The managing director in charge of regulatory management, Sylvia Noshie, was of the opinion that the latest PURC-approved tariff for the company saw a reduction of 14%, “thereby affecting the execution of projects and also delaying payments. on debts.

She also pointed out that the prices of copper and aluminium, which were essential tools for their operations, had risen sharply on the world market, and that the depreciation of the local currency (the Cedi) against the main trading currencies should influence the commission’s decision. to review the proposals.

Ms Noshie also pointed out that if the requested percentage increase were granted, ECG would not need to demand huge percentage increases over the next five years, but rather stick to a request for 10 % for the next five years.

GRIDCo officials also stressed that they needed the incremental increases to enable them to invest in power grid lines.

Strategy and Risk Compliance Director, Mr. Samuel Kow Acquah, said the company was unable to secure funding for its projects due to low tariffs awarded to it by PURC during from the latest major review. “We hope that the ministry will help us to define policy directions in terms of funding,” suggested Mr. Acquah.

Ghana Water

Ghana Water’s Managing Director, Dr. Clifford Braimah, also making the case for his company, pointed out that apart from what was needed to rehabilitate capacity facilities and expand supply, the company owes the government more than 6 GH¢.22 billion accordingly. investments made on behalf of the company over the years.

“And we would have wished PURC had factored that debt component into the tariff increase, given that the percentage terms translate to GH¢28 from the current GH¢5,” Dr Braimah said.

Citing pollution of water bodies as a result of illegal mining activities which he said had also caused silt in the company’s intake sumps in several communities, Dr Braimah pointed out that a lack of the PURC to honor the increase could cause the company to start undertaking work on the water rationing exercise across the country.


CSOs such as the Institute of Economic Affairs (IEA), African Center for Energy Policy (ACEP), Consumer Protection Agency (CPA), among others, were of the view that supplier posture gives the impression that the government and consumers were just throwing money at the problems by considering that the necessary efficiency was not there.

ACEP Executive Director Mr. Ben Boakye, for example, who engaged some of the players in a heated exchange of views, pointed out that the latest tariff approval given to the companies would worsen delivery efficiency, especially from ECG.

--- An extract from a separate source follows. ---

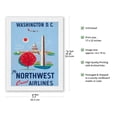 thumbnail image 2 of Washington D.C. - United States Capitol - Washington Monument - Fly Northwest Orient Airlines - Vintage Airline Travel Poster c.1950s - Japanese Unryu Rice Paper Art Print (Unframed) 17 x 22 in, 2 of 4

“Looking at the graphs they presented, it indicates that they have invested almost $700 million so far, and the former private operator, Power Distribution Services (PDS), was supposed to have invested $5 million. dollars in five years, and if ECG made the $700 million investment on time, where is the efficiency?” Mr. Boakye questioned.

He said that some adjustments were needed due to high exchange rates which had depreciated the Ghana cedi significantly by 32%, it would be important to adjust investments to make them more functional by addressing systemic issues.


Head of research at PURC, Dr Kofi Obutey, said the regulator was collating all submissions from service providers and analyzing the figures so it could advise accordingly.

He said consultative engagements would continue with all stakeholders for a frank discussion before a final decision is made.

“In any case, when the proposals are carefully evaluated, the government will have a say in the final decision on the tariff revision,” Dr Obutey said.